The number of women in the tech sector has jumped by eight per cent in the last year, according to a new report. In fact, women represent 39 per cent of the total tech sector, says recruiter Davidson Technology.
Representation of women at executive levels within the IT sector has also jumped to 17.6 per cent, up 3.6 per cent from last year.
Davidson has worked with social network LinkedIn – where 547,000 Australians in IT are listed – to compile the results for its second DiversIT report. There has been a 25.7 per cent increase in the number of people that list themselves as working in IT over the past year.
Owen Jones, general manager, technology at Davidson, told CIO Australia that organisational boards actively setting KPIs and targets around gender diversity over the past few years is paying off.

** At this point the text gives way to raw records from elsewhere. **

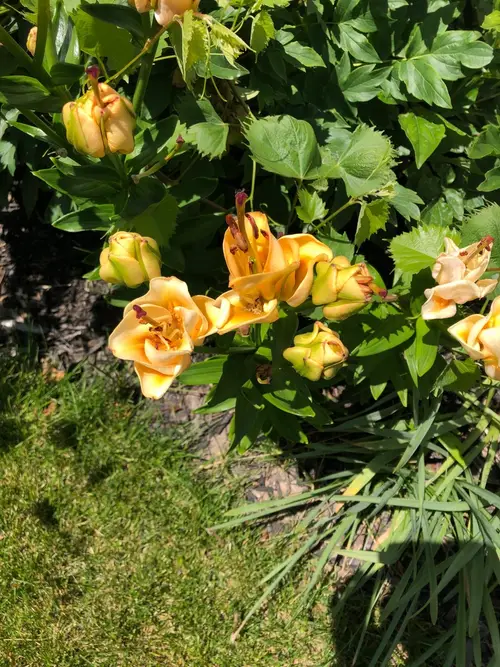 Lilies 'Apricot Fudge'
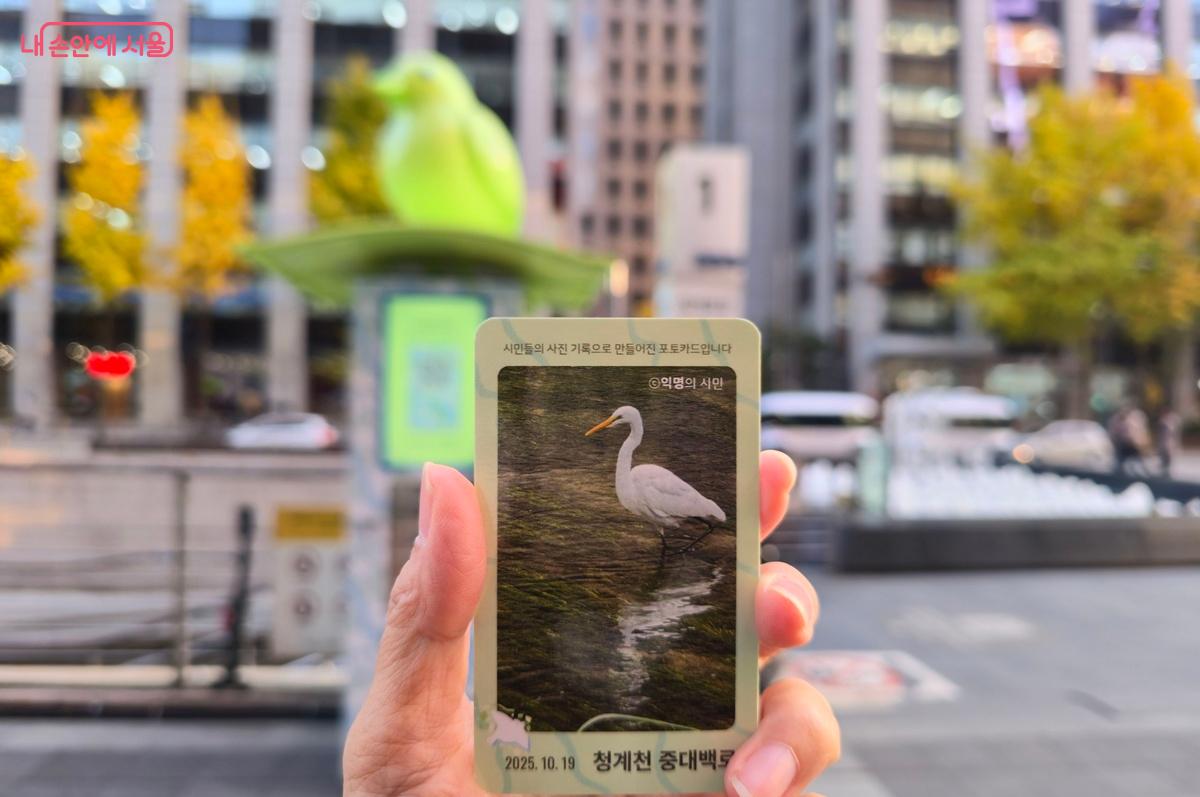 아이들이 뽑은 포토카드 중 하나인 청계천 중대백로 &copy;조성희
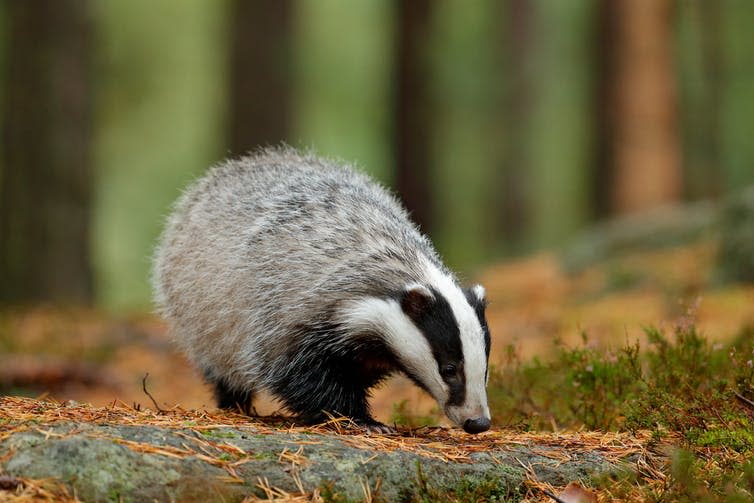 <span class="caption">Soils untroubled by frost mean plentiful earthworms – good news for hungry badgers.</span> <span class="attribution"><a class="link " href="https://www.shutterstock.com/image-photo/badger-forest-animal-nature-habitat-germany-788449597" rel="nofollow noopener" target="_blank" data-ylk="slk:Ondrej Prosicky/Shutterstock;elm:context_link;itc:0;sec:content-canvas">Ondrej Prosicky/Shutterstock</a></span>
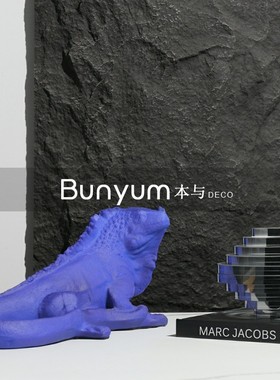 简约现代创意树脂l蜥蜴摆件酒店售楼处展厅样板房间软装饰品摆设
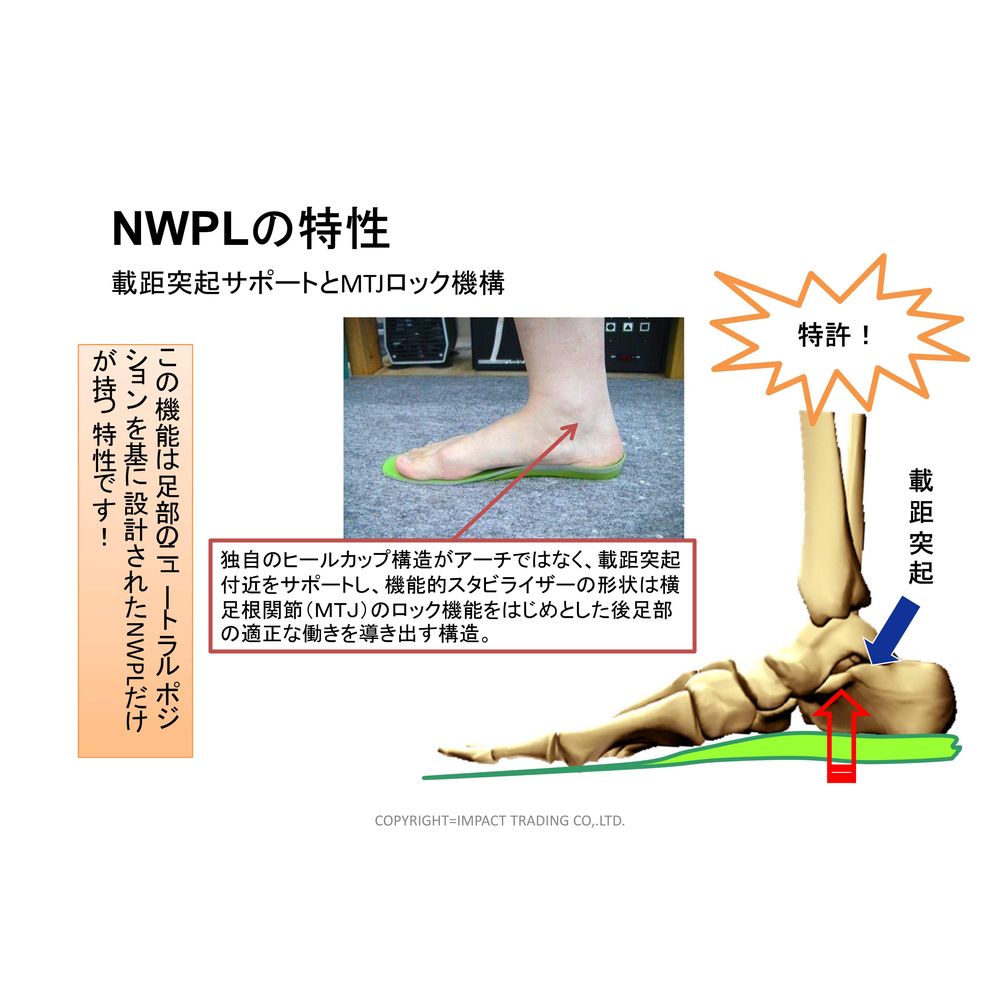 即日出荷』NWPL インソール Life OTC ITN001 ノースウエスト・ポディア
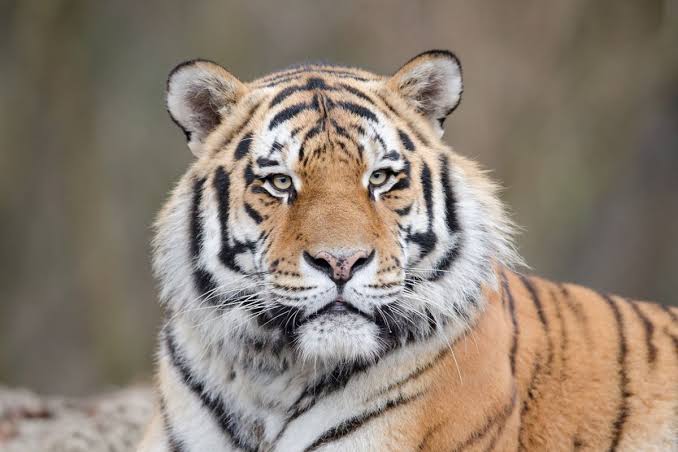 Terjadi Lagi, Harimau Sumatera Terkam Pekerja Kayu di Sungai Apit Siak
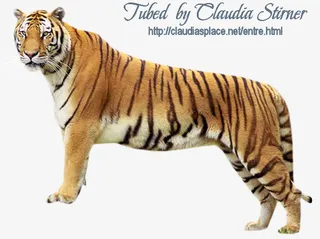 装饰植物花卉素材免抠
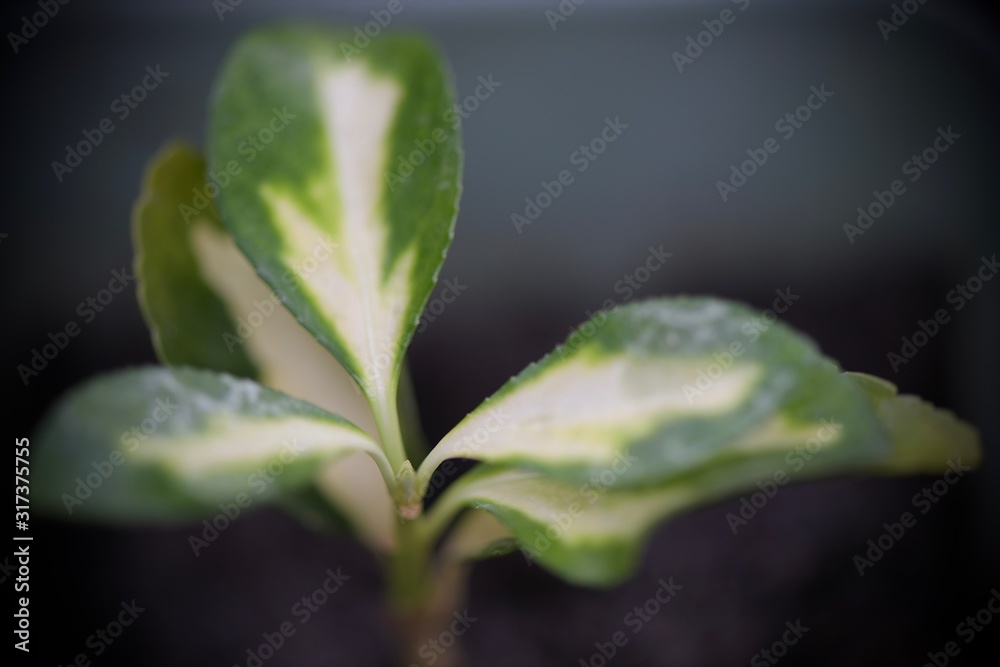 sprouts of young evergreen shrubs in pots sprouts of young evergreen shrubs in pots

“The bigger companies are starting to do this and it’s really had an impact. Companies are taking it [gender equality] more seriously; they are driving it through HR, through KPIs, and having women in shortlists. I’d like to believe that this is why we are having more females moving across or being appointed into these roles,” he said.
By IT job type, there’s been a seven per cent rise in the number of women taking up positions as data engineers this year over 2016. Of the 6000 data engineers listed on LinkedIn this year, 40 per cent are now women, the research found. There’s also a 50:50 gender balance in the market for user interface/user experience consultants.
But despite these positive numbers, Jones is adamant that there is still a gender gap, arguing that it’s more obvious in more niche role types in areas such as cybersecurity.
Indeed roles such as CIO (6000 in total), CDO (3000), IT manager (7000), network engineer (7000), and security engineer (3000) are overwhelmingly stacked by men. There are less than 1000 women on LinkedIn who are working in those jobs. Jobs with the largest numbers of women include IT project manager, developer/analyst programmer, designer, business analyst, program manager/program director, and architect.
Jones said the recruiter’s clients reported that it’s extremely difficult to change the gender diversity balance once organisations have hired large teams of men. He said being a single female in a team of 10 men can be intimidating.
“But once the ball is rolling and there’s at least two or three in each team of 10 then it becomes easier to attract three, four or five [women]. We’ve broken the back of some of those bigger problems we had in the first place and organisations are doing a better job of attracting and probably positioning themselves around what their EVP (employee value proposition) is around attracting females into the workforce.”